We moved then to Port Perry. It's a nice town for the adults, little children and the elderly, but for teenagers it's a wasteland. It's not as bad as Oshawa, but it's a tiny town with nothing to do. I went to school in the french immersion program. I was never popular. All my friends in elementary school were either nerd guys, gifted kids or delinquents. (I'm only still friends with the nerd guys.)

In grade five my teacher picked on me so much I started having nervous breakdowns in school, and my mum would have to come and get me. I switched over to English in grade six and was semi-popular for that year. Probably the best year of my life so far, to be quite honest. I had a great group of girlfriends who would actually call me to see if I wanted to come play, we'd do fun girly things, sit together, gossip... and the teachers were nicer too. Grade seven I went back into french immersion. I made friends with a girl named Carly. Carly had another 'best friend' named Christina. She used to alternate between us, and badmouth us to each-other. By mid-grade eight Christina and I actually started talking and realized that Carly was not worth being friends with.

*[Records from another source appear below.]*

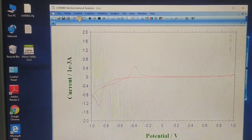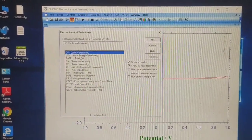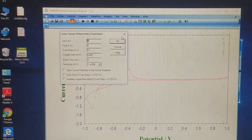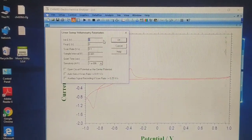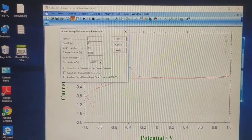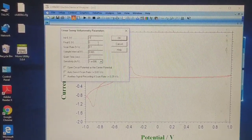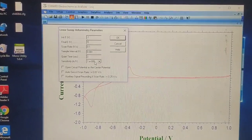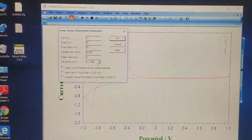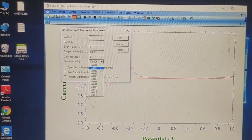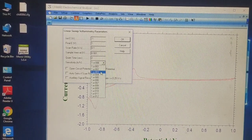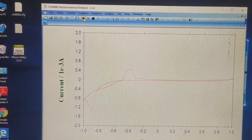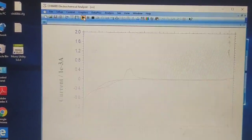Now let us do another experiment, that is LSV. We will take LSV from minus 1 to plus 1 at the scan rate of 100 mV per second, and sensitivity equal to ampere, that is 10 to the power 3, and just start.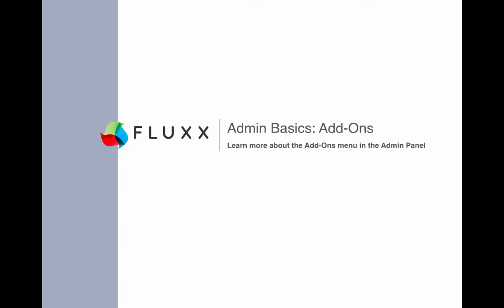Good morning everyone, Kevin with Flux here. Thank you for joining me today in our overview on add-ons.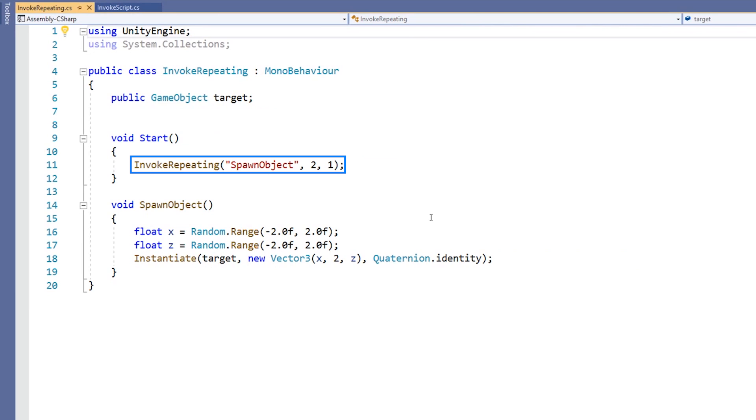A string containing the name of the method we wish to call, the delay in seconds before it calls the method, and a delay in seconds between each subsequent call of the method. We can see from this line of code, the SpawnObject will be called after two seconds, and then be called again every one second.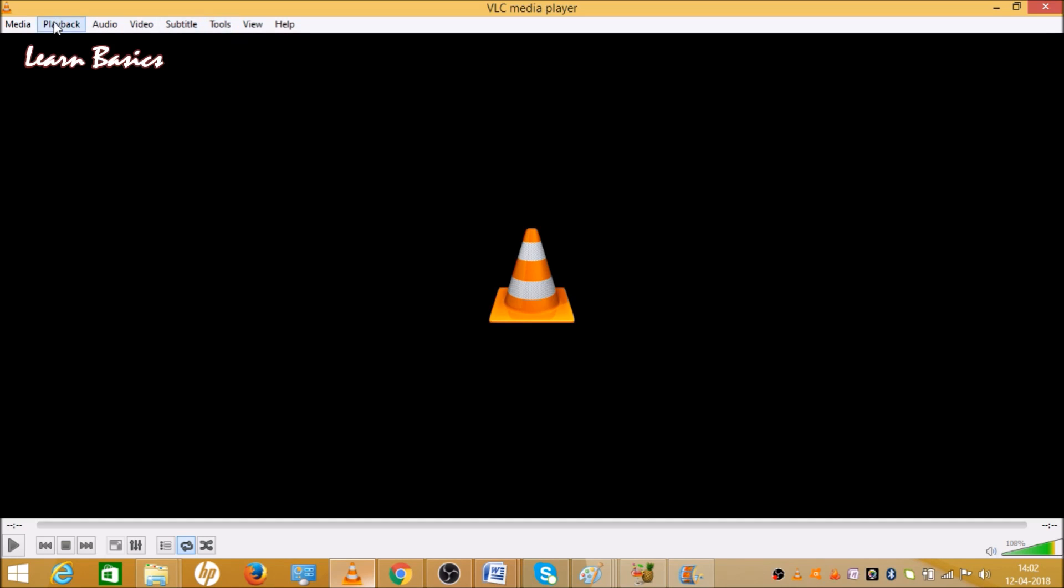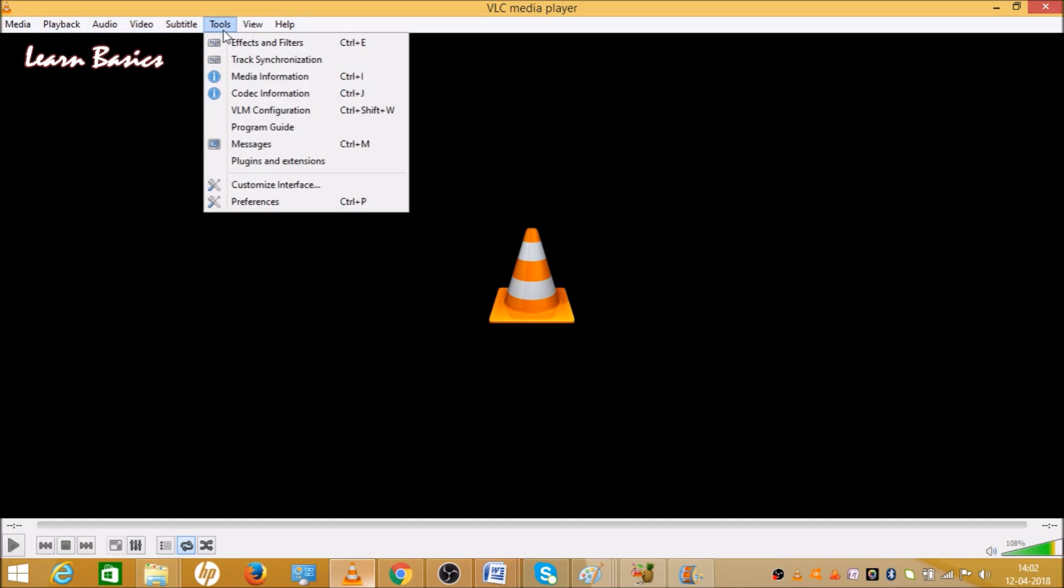There are many options here. You can see Media, Playback, Audio, Video, Subtitle, Tools, View, and Help. Click on Tools and click on the first option. The first option is Effects and Filters.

Since grade two or three there had been this cliq of about five girls that basically ruled the school. Mila, Caylie, Shelly, Megan, Katelyn and Justine. Mean Girls had nothing on these six. They were the cruelest most soul-crushing group of bitches you've ever come across. They started wearing makeup in grade 5. The term prosti-tot springs to mind. Not that it's terribly relevant now. I've seen a couple of them once or twice since the end of high-school, but I had to put up with their shit for 8 years. And then there was Jason. Mercifully he left after grade 5. He used to pull my hair and sucker punch me, kick me, and generally abuse me. I used to come home every day covered in bruises. I was a tiny kid. I broke 5 foot in grade 8. My mum put me in karate in elementary school, and I went until I got my blue belt. I've only ever punched someone in anger once in my life. My mum would get so mad that she was spending all this money teaching me how to defend myself and I wouldn't. We were taught that we should not fight back unless it was a life-threatening situation... which it never was.

Next: Highschool... But That's another post for another day. Must stop procrastinating! Back to work!